■ Goal of the exercise:
Restate each entry exactly, without pictures.

■ Excerpted data:
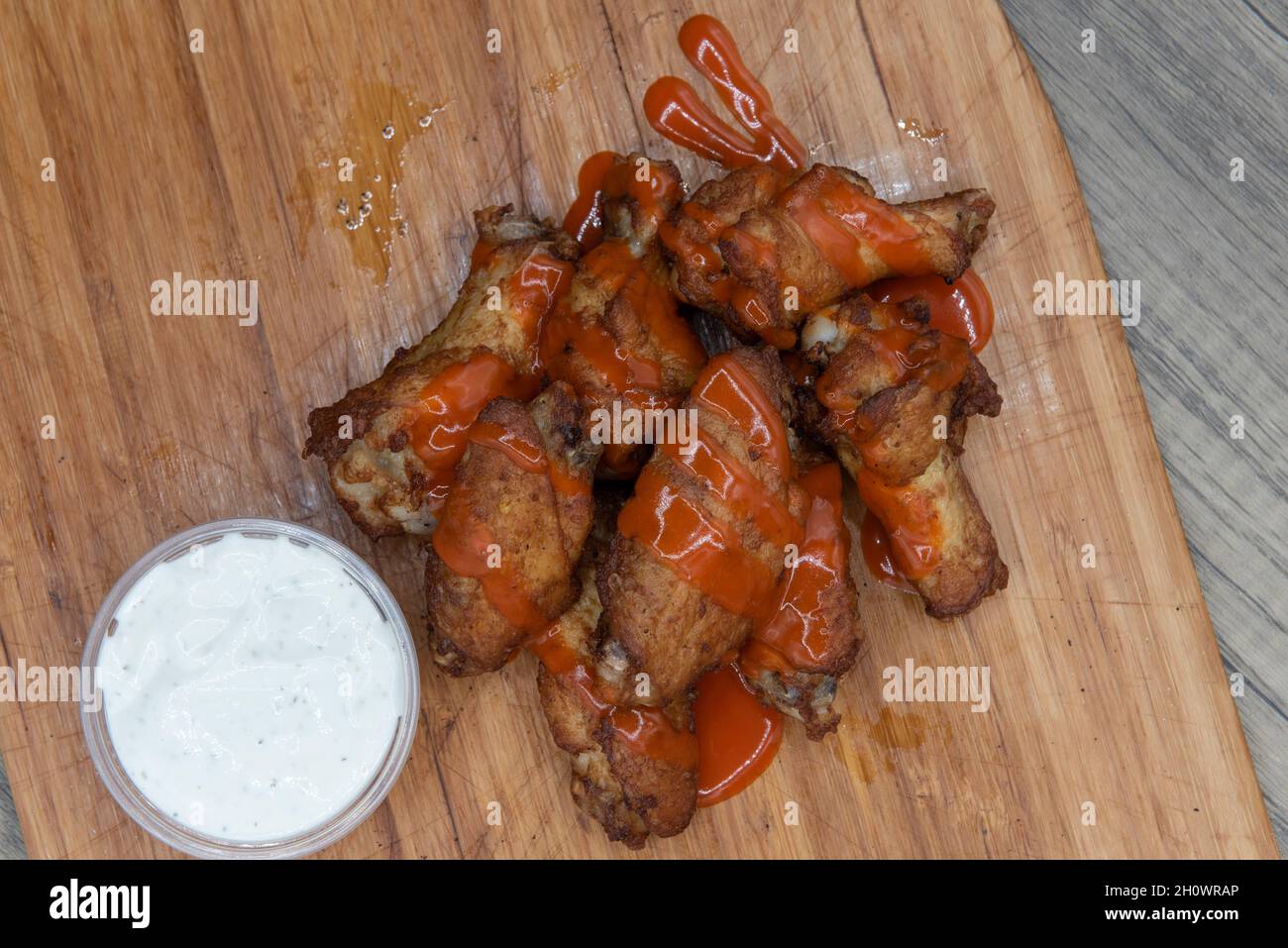 La vista dall'alto del piatto laterale delle ali di pollo alla bufala gocciolate è l'antipasto perfetto per un pasto abbondante da mangiare. Foto Stock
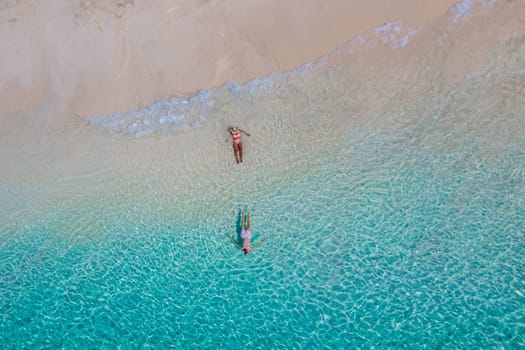drone view from above of a man and woman swimming in the blue turqouse colored ocean of Koh Kradan island in Thailand. top view from above at the beach of Koh Kradan Trat Thailand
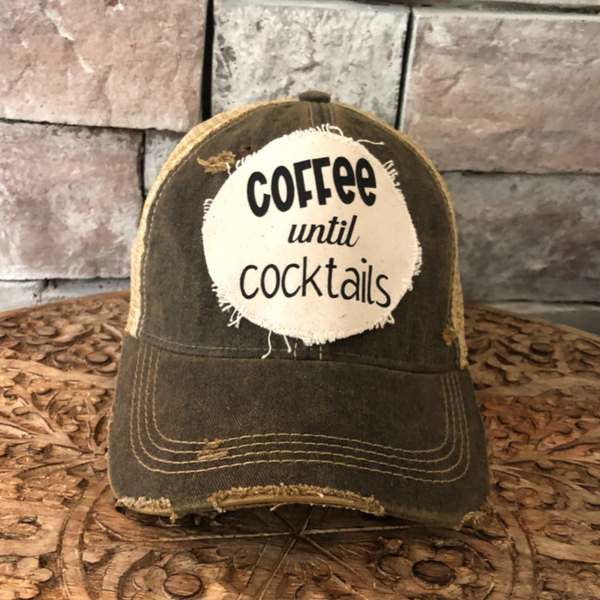 Coffee Until Cocktails hat by BohoGroove with black lettering on a distressed off-white patch on a black vintage distressed snapback.
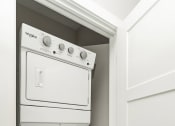 Thumbnail 47 of 60 - a washer and dryer in a closet next to a door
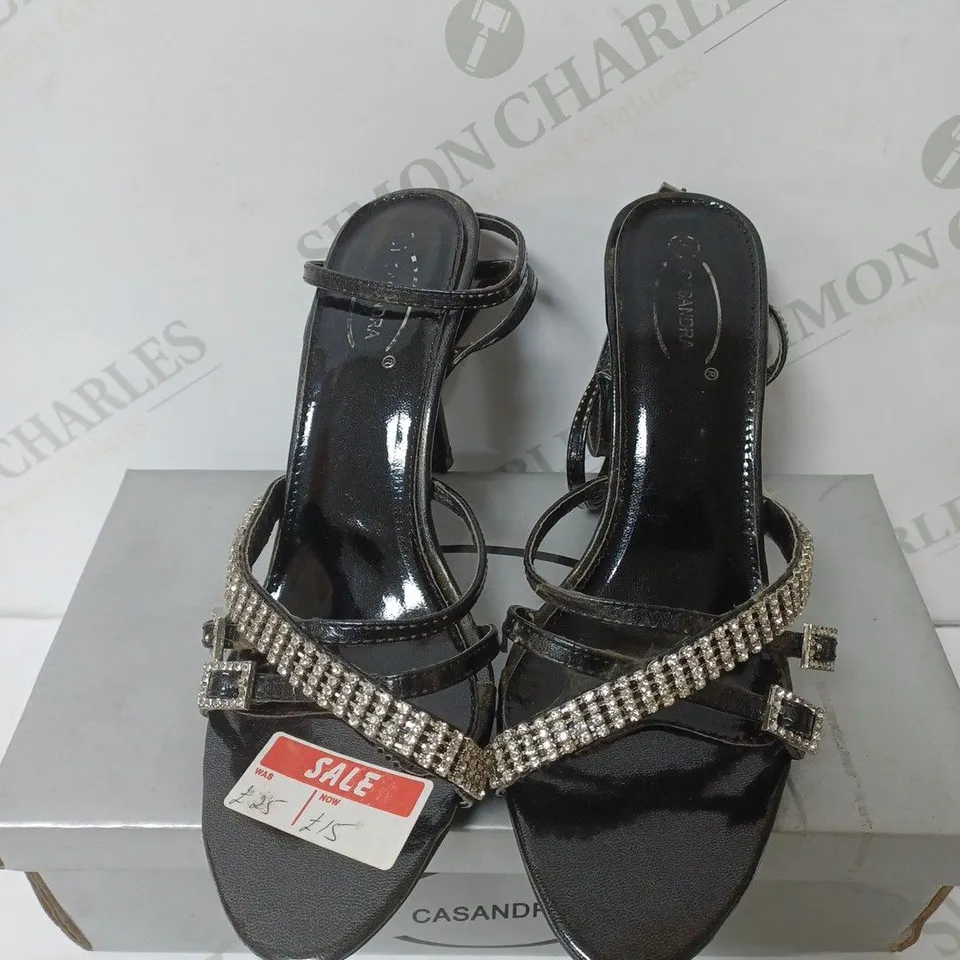 BOXED PAIR OF CASANDRA HEELED SANDALS IN BLACK SIZE 5 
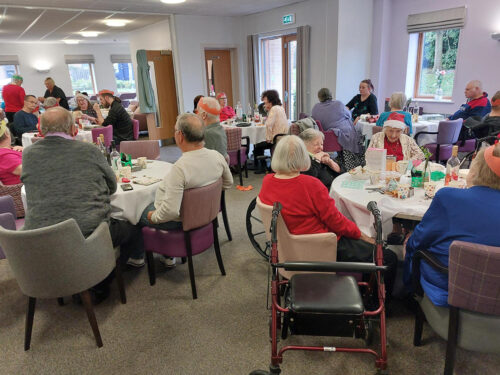 Photo of the communal room at Knights Court Independent Living scheme, full of customers sitting around round tables enjoying Christmas dinners and drinks. They are smiling and talking with each-other.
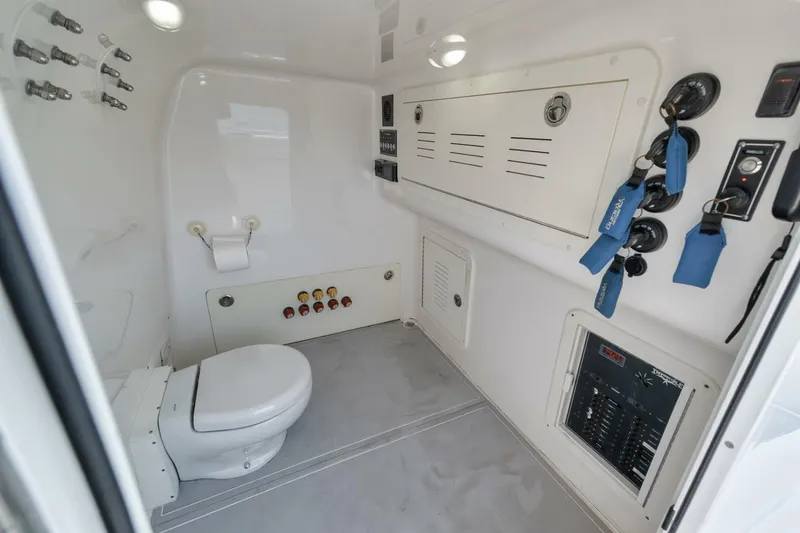 Slide: The Image of Interior of 2018 Invincible 40 Catamaran showing bathroom with toilet and control panels. - 24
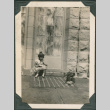 Girl sitting on curb with dog (ddr-densho-316-364)
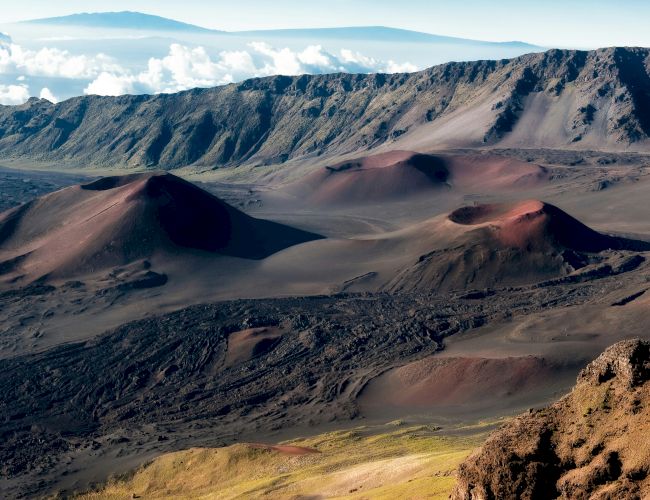 The image showcases a breathtaking volcanic landscape with rolling hills, crater peaks, and rugged terrains under a clear sky.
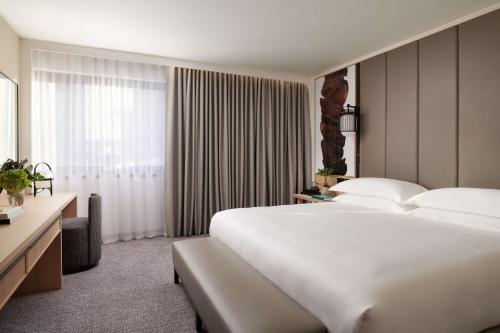 a hotel room with a large white bed and a window at Nobu Hotel London Portman Square in London
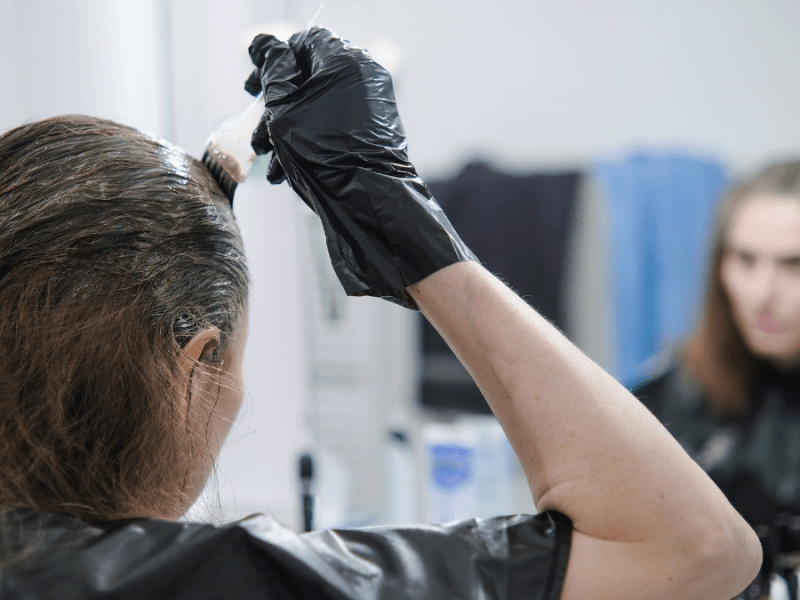 Eine Frau steht vor einem Spiegel und trägt Haarfarbe mit einem Pinsel auf.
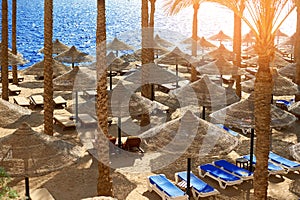 Summer chaise lounges under an umbrella on sandy sea beach in hotel Egypt, Sharm el Sheikh, concept time to travel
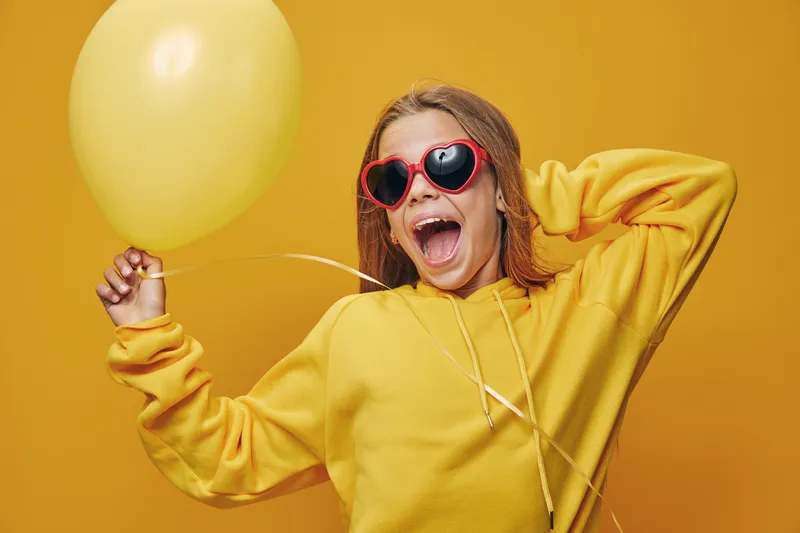Young woman in yellow sweater with red heart-shaped sunglasses holding yellow balloon posing happily on yellow background. Celebration, joy and cheerful mood in portrait.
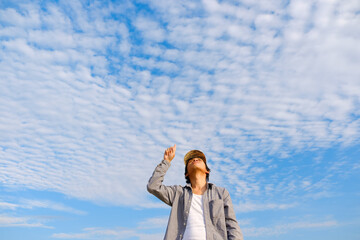 Asian men are watching and pointing to the sky.Men wear gray shirts and wear striped hats.Look up and look at copy space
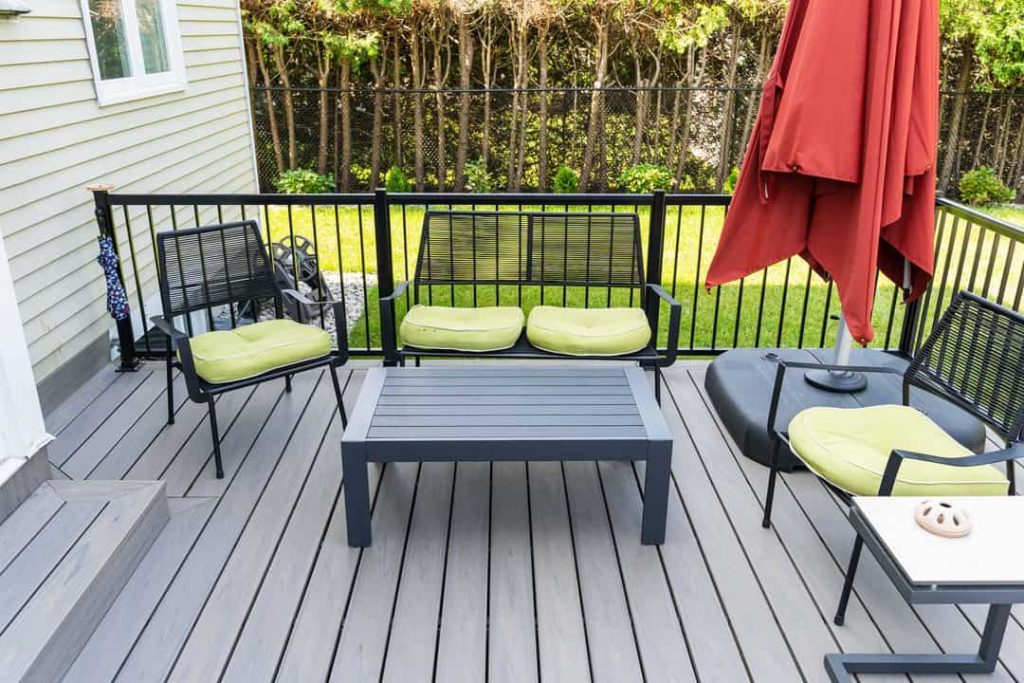 A well-maintained outdoor patio area with black furniture and green cushions, accompanied by a red umbrella closed to the side.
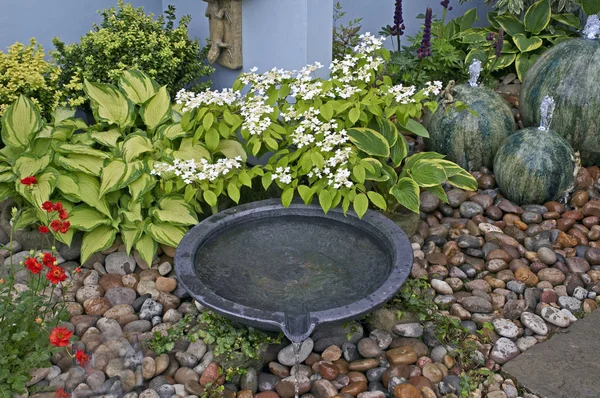 A detail of a small courtyard garden with pottery water features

■ Answer for the task:
 La vista dall'alto del piatto laterale delle ali di pollo alla bufala gocciolate è l'antipasto perfetto per un pasto abbondante da mangiare. Foto Stock
drone view from above of a man and woman swimming in the blue turqouse colored ocean of Koh Kradan island in Thailand. top view from above at the beach of Koh Kradan Trat Thailand
 Coffee Until Cocktails hat by BohoGroove with black lettering on a distressed off-white patch on a black vintage distressed snapback.
 Thumbnail 47 of 60 - a washer and dryer in a closet next to a door
 BOXED PAIR OF CASANDRA HEELED SANDALS IN BLACK SIZE 5 
 Photo of the communal room at Knights Court Independent Living scheme, full of customers sitting around round tables enjoying Christmas dinners and drinks. They are smiling and talking with each-other.
 Slide: The Image of Interior of 2018 Invincible 40 Catamaran showing bathroom with toilet and control panels. - 24
 Girl sitting on curb with dog (ddr-densho-316-364)
 The image showcases a breathtaking volcanic landscape with rolling hills, crater peaks, and rugged terrains under a clear sky.
 a hotel room with a large white bed and a window at Nobu Hotel London Portman Square in London
 Eine Frau steht vor einem Spiegel und trägt Haarfarbe mit einem Pinsel auf.
 Summer chaise lounges under an umbrella on sandy sea beach in hotel Egypt, Sharm el Sheikh, concept time to travel
Young woman in yellow sweater with red heart-shaped sunglasses holding yellow balloon posing happily on yellow background. Celebration, joy and cheerful mood in portrait.
 Asian men are watching and pointing to the sky.Men wear gray shirts and wear striped hats.Look up and look at copy space
 A well-maintained outdoor patio area with black furniture and green cushions, accompanied by a red umbrella closed to the side.
 A detail of a small courtyard garden with pottery water features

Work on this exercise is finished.